Our Conclusion that these common law actions are not preempted is supported by recent decisions by the Pennsylvania Superior Court. In Pekular v. Eich, 355 Pa. Super. 276, 513 A.2d 427 (Pa. Super. 1986), appeal denied, 533 A.2d 93 (Pa. 1987), the Pennsylvania Superior Court not only followed Justice Nix's D'Ambrosio holding, 513 A.2d at 430-31, but found two additional reasons to permit common law actions to go forward. The court pointed out that the Pennsylvania Statutory Construction Act of 1974 provides that "the provision in any statute for a penalty or forfeiture for its violation shall not be construed to deprive an injured person of the right to recover from the offender damages sustained by reason of the violation of such statute." Id. at 430 (quoting 1 Pa. Cons. Stat. Ann. § 1929 (Purdon Supp. 1992)). The court also noted that the Pennsylvania Supreme Court has held that the Unfair Practices Act of 1947 -- the UIPA's direct ancestor -- did not provide the exclusive remedy for fraudulent conduct by insurers. Id. (citing Dozor Agency, Inc. v. Rosenberg, 403 Pa. 237, 169 A.2d 771 (Pa. 1961)). Like its predecessor, the UIPA declares that the powers vested in the Insurance Commissioner by the statute "are additional to any other powers to enforce any penalties, fines or forfeitures authorized by law with respect to the methods, acts and practices declared to be unfair and deceptive." Pa. Stat. Ann. tit. 40, § 1171.13 (Purdon 1992). If this language "removed any doubt" that the Unfair Practices Act of 1947 did not preempt common law actions, 169 A.2d at 774, then the UIPA could not do the same. Id. at 430. We find this reasoning convincing, and conclude that neither the UIPA nor D'Ambrosio bars common law fraud and deceit actions. Accord Wright v. North Am. Life Assurance Co., 372 Pa. Super. 272, 539 A.2d 434 (Pa. Super. 1988) (unfair and deceptive acts covered by the UIPA may also be remedied under the CPL); Hardy v. Pennock Ins. Agency, Inc., 365 Pa. Super. 206, 529 A.2d 471, 479 (Pa. Super. 1987) (same). See also Brownell v. State Farm Mut. Ins. Co., 757 F. Supp. 526, 531-32 (E.D. Pa. 1991) (same).
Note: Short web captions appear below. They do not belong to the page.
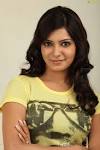 Samantha Sexy Navel And Thighs
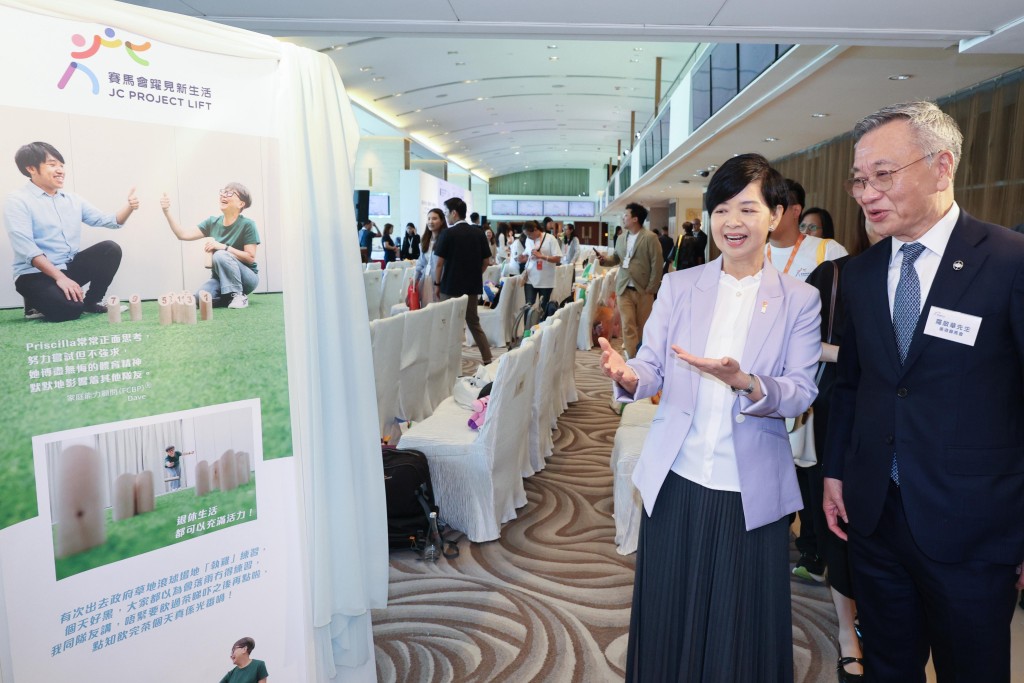 Secretary for Housing Winnie Ho and Club Steward Philip Lo tour the project exhibition. (HKJC)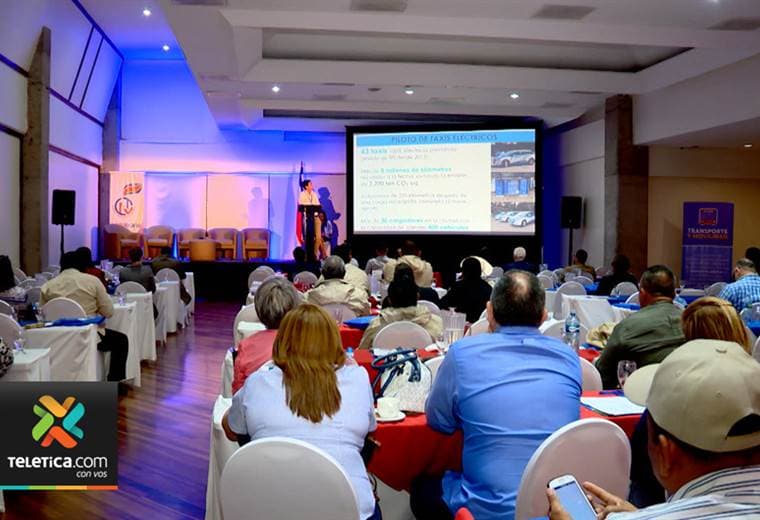 Expertos en movilidad en transporte público se reúnen en el país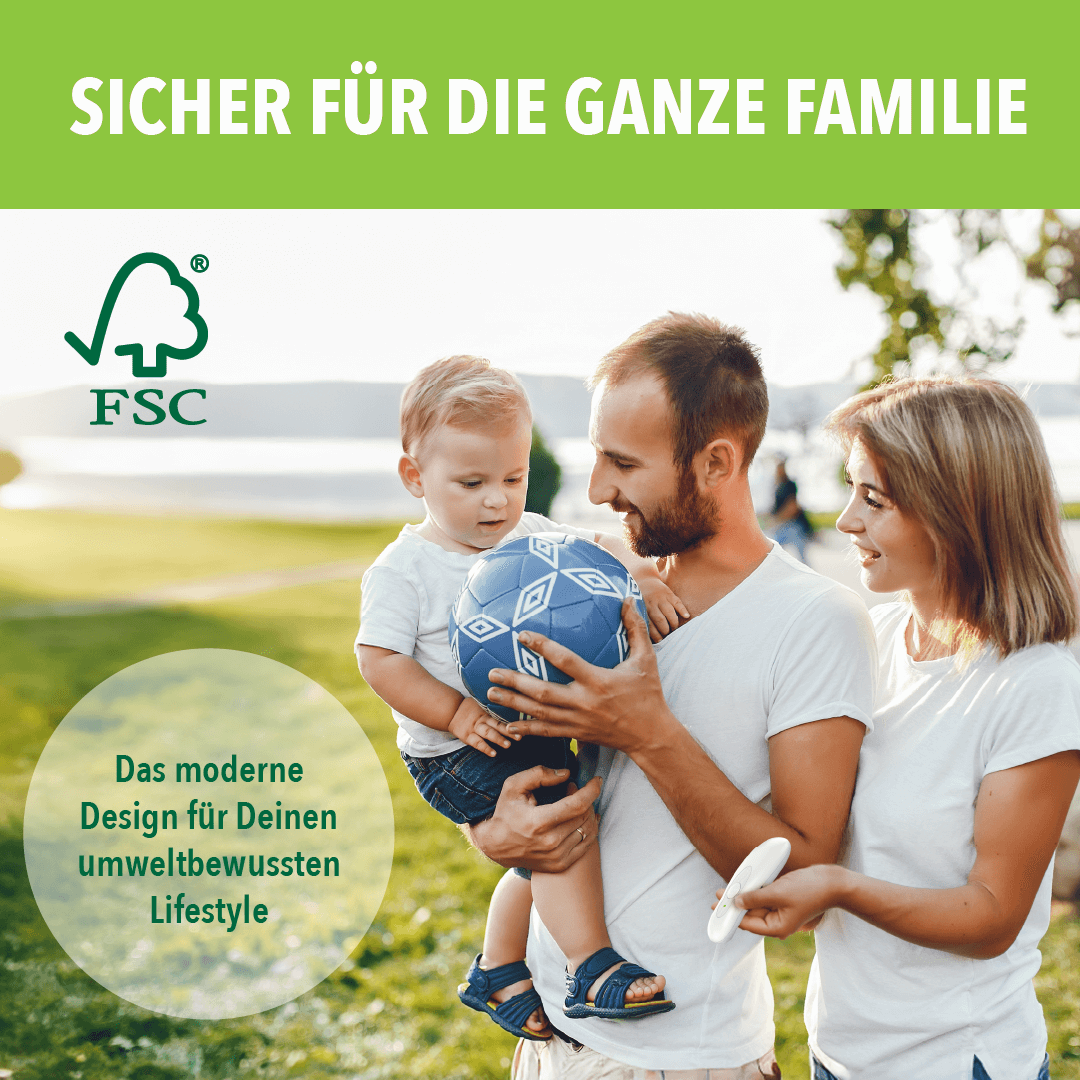 Familie mit Kleinkind im Freien, FSC-Logo und Text „Sicher für die ganze Familie“; Frau hält den Stichheiler.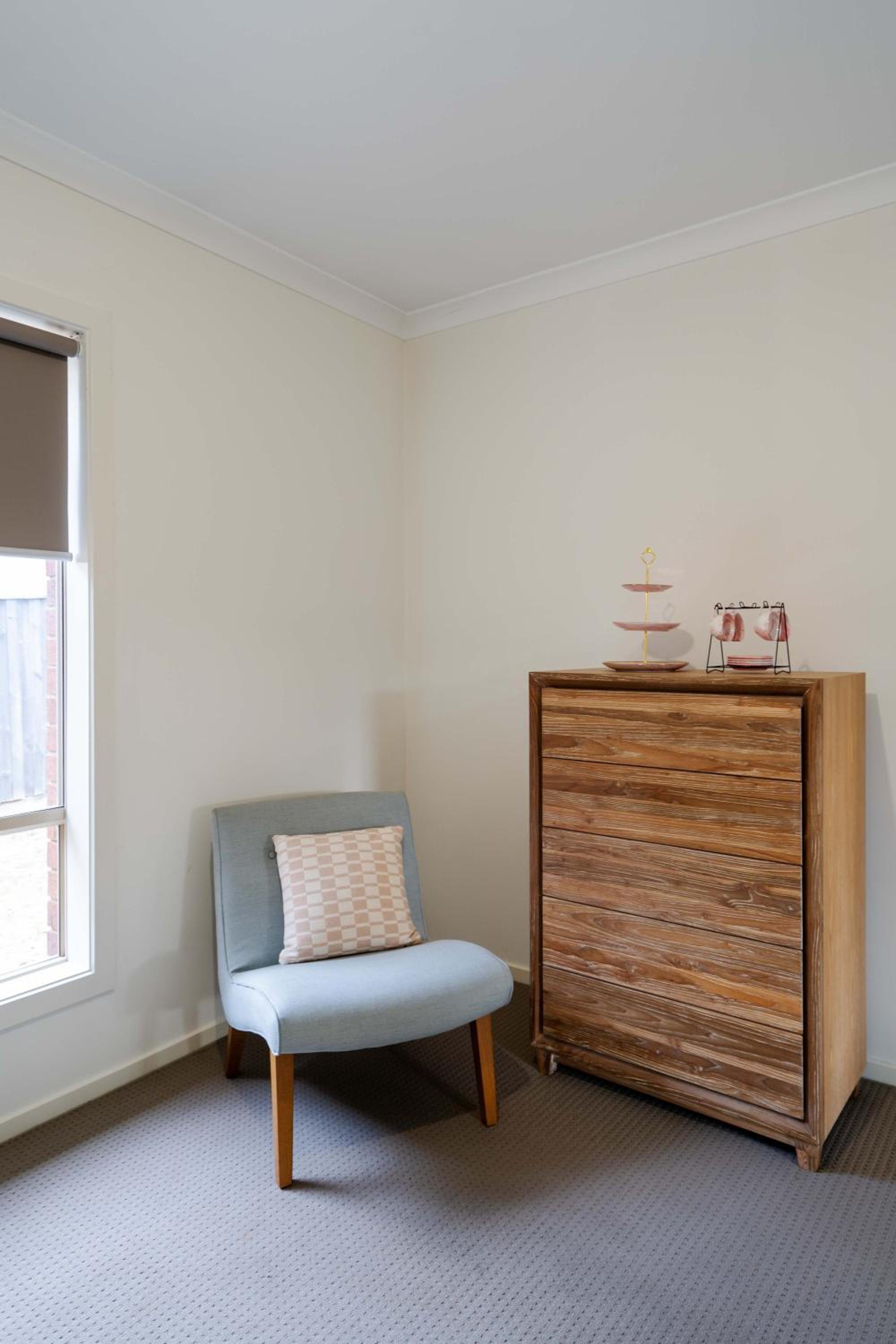 Modern 3B2B1C Home in Doreen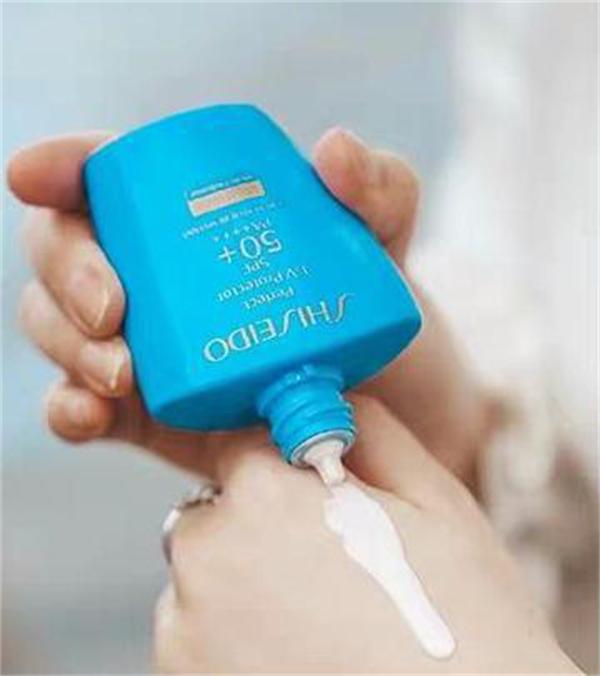 黛珂碧柔哪个防晒霜好,防晒黛优佳测评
Aetna, however, argues that the Katzes assert a claim for bad faith, which would be prohibited under D'Ambrosio,*fn12 not one for fraud and deceit. A fair reading of the complaint does not support this interpretation. The Katzes do not claim that Aetna breached a contractual duty to defend or indemnify, or a contractual duty of good faith and fair dealing. See Barry R. Ostrager and Thomas R. Newman, Handbook on Insurance Coverage Disputes § 10.01 at 351 (4th ed. 1991). Rather, they allege that Aetna willfully and intentionally deceived them about Appelbaum's insurance coverage. See Complaint P 9 (accusing Aetna of "fraudulently concealing" certain knowledge from plaintiffs), P 12 (alleging that Aetna "fraudulently represented that it had received a general release"), P 13 (alleging that "Aetna continued to fraudulently represent to plaintiffs that all liability insurance . . . had been exhausted by settlement"), and P 15 (referring to "fraudulent concealment and misrepresentation"). Moreover, the Katzes specifically disavowed any bad faith claim in their reply brief and at oral argument. Summary judgment on this claim was improper.*fn13


For the foregoing reasons, we will affirm the district court's grant of summary judgment for Aetna on the CPL claim, but will reverse and remand on the common law fraud and deceit claim.